中国過大投資の調整8(資金枯渇2)

長期資本収支・・例えば、トヨタ等の進出資金・・工場用地購入資金等がドルで入って来てこれが現地通貨・人民元に両替して購入することによって中国の外貨準備が増えている場合には、トヨタが現地工場を叩き売りして日本に資金を持ち帰るときにドルに両替するだけなので、滅多にドル資金を払い戻す事態が起きません。
余程の喧嘩でもしない限り永久に貰ったような気持ちで良いので、対外純資産がプラスかマイナスかは短期的には大した意味がありません。
中国としては、進出企業がある程度儲けている限り、損切りして撤退しないので、一旦捕まえた魚みたいなもので、無理難題が可能と言う意識のようです。
しかし毎年のようにあらたな進出が必要な社会構造となれば、一旦進出した企業に無理難題を要求しているとこれを見ている次の進出予定企業が進出に二の足を踏むようになります。

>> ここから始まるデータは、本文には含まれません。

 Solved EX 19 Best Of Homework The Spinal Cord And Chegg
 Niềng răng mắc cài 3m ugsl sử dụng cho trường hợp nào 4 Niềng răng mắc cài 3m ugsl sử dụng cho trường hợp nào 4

借金も借りてしまえば、借りた方が強いのですが、次々と借り換えなければならないとなれば、期限に払わなかったりごねて引き延ばしたりすると次に貸して貰えなくなります。
パナソニックの技術移転があらかた終わったので、今後用がないとばかりに暴動を仕掛けたのでしょうが、他の日本企業がそのやり方を注視していることに気が付かなかったのでしょうか?
長期関係も大事にしないと信用がなくなりますが、反日暴動後の日本からの投資急減によって、信用の重要さを中国は漸く学んだところでしょうか。
「韜光養晦」戦術も同じで、あまりにも目先利益重視・・ちょっと自分が強くなればすぐに威張り散らしても良いと言う思想であまりにも幼稚でゲンキン過ぎます。
孫氏の兵法を直ぐに持ち出して有り難がる傾向がありますが、孫氏の兵法の極意は、数時間後とか数日間後などの短期の時間軸を利用して相手を騙して有利な戦法に持ち込む戦略に過ぎません。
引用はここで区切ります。